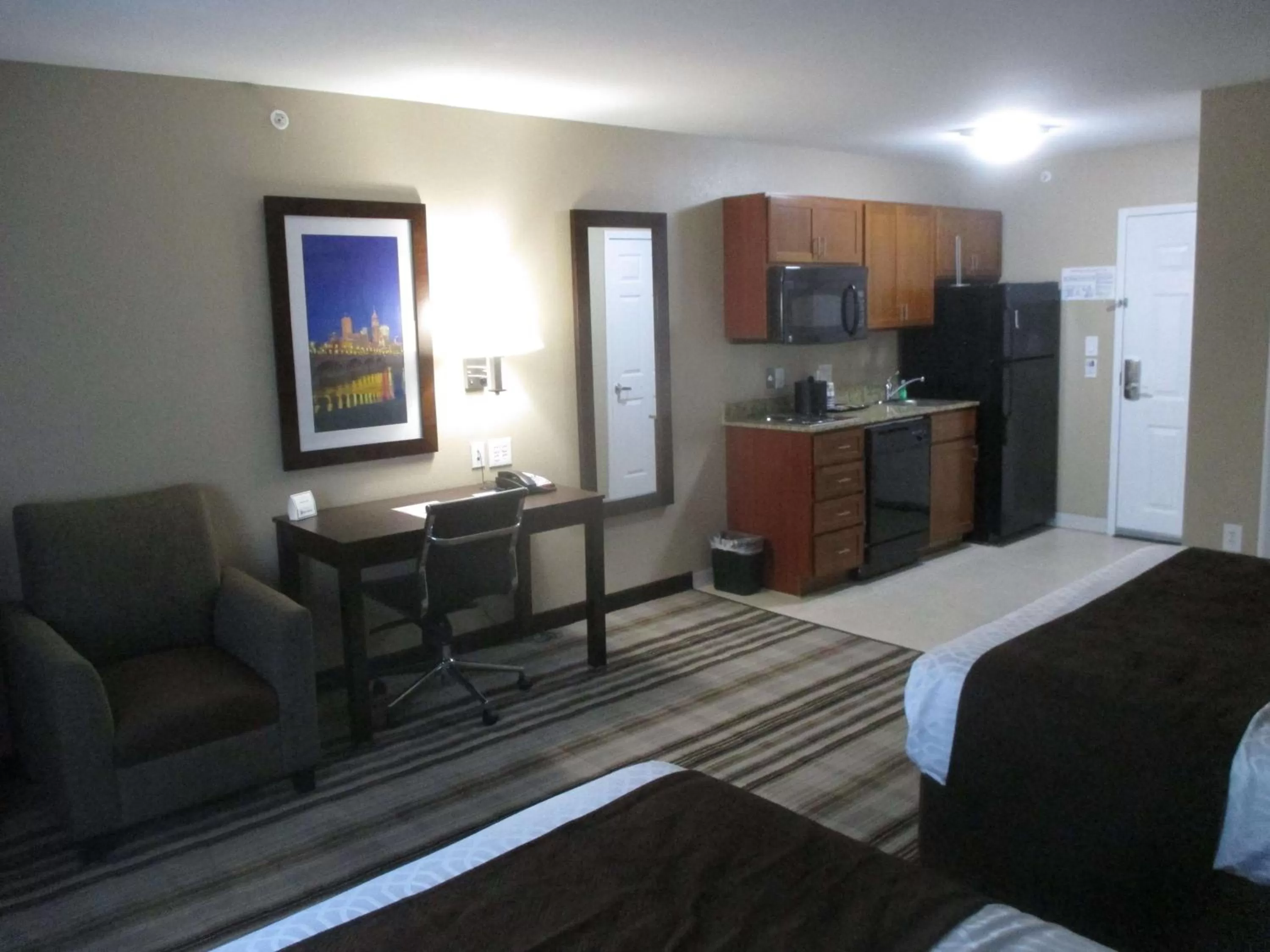 Queen Room with Two Queen Beds and Kitchenette in Best Western Plus Crawfordsville Hotel
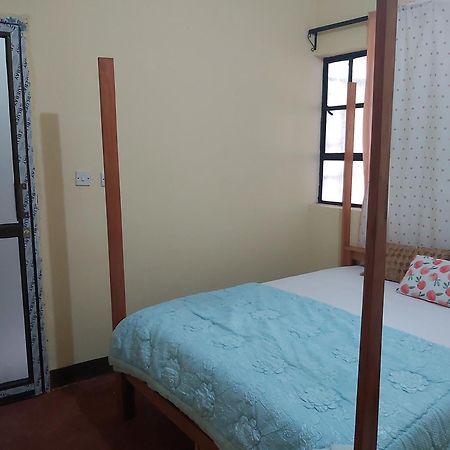 Mama Aziz Homestay Arusha Ngoại thất bức ảnh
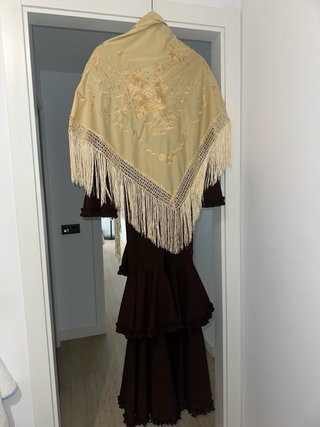 Traje de flamenca con mantoncillo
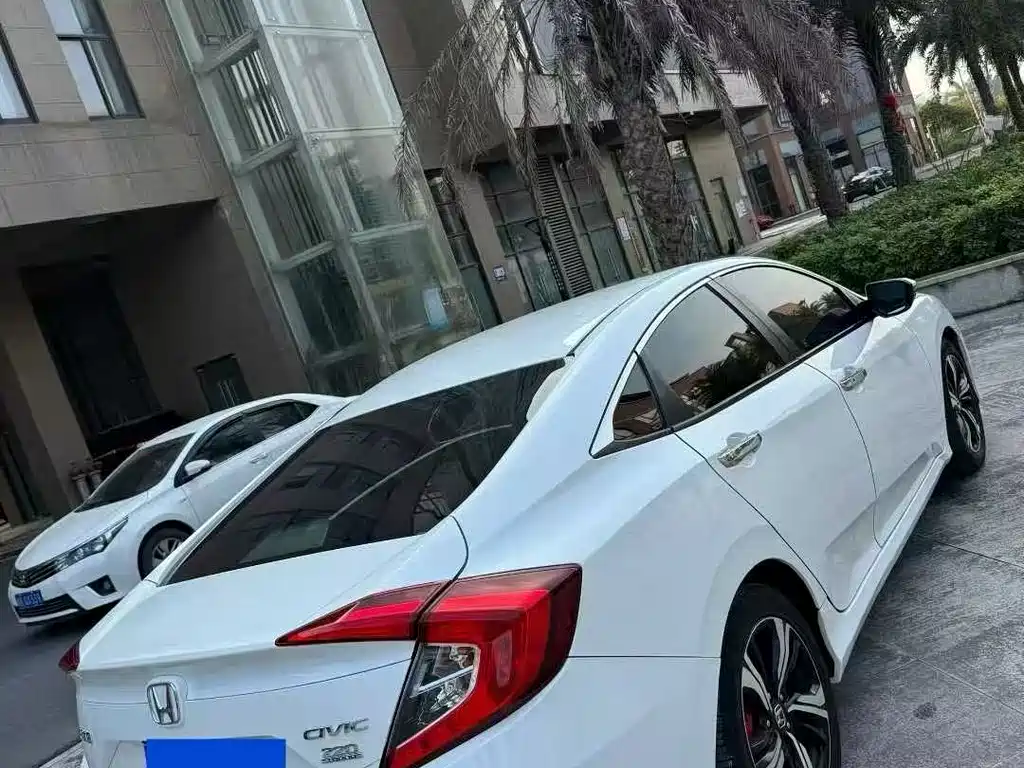 Civic 220 TURBO CVT Distinguished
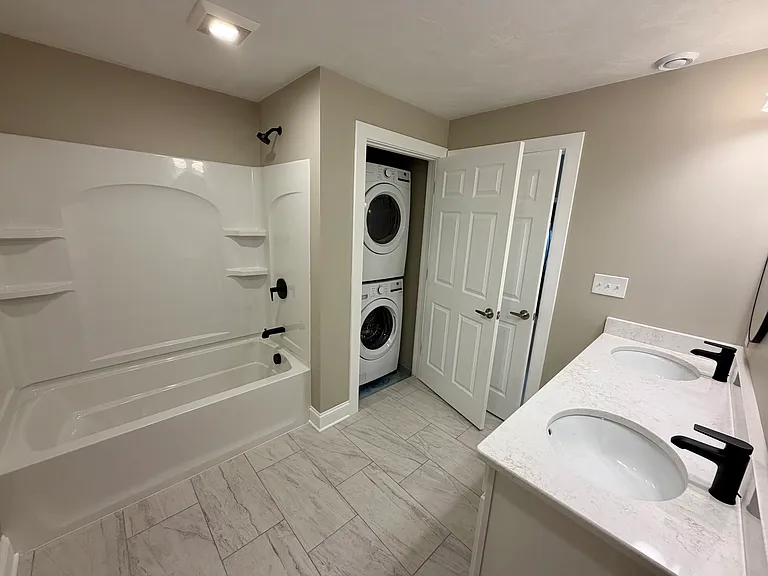 347-355 Main St #7 — Photo 6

########

§ **Exercise aim**:
Both the line containing "Civic 220 TURBO CVT Distinguished" and the last line of the records above belong in the exact copy, along with every line between them; pictures do not.

§ **Solution to this problem**:
 Civic 220 TURBO CVT Distinguished
 347-355 Main St #7 — Photo 6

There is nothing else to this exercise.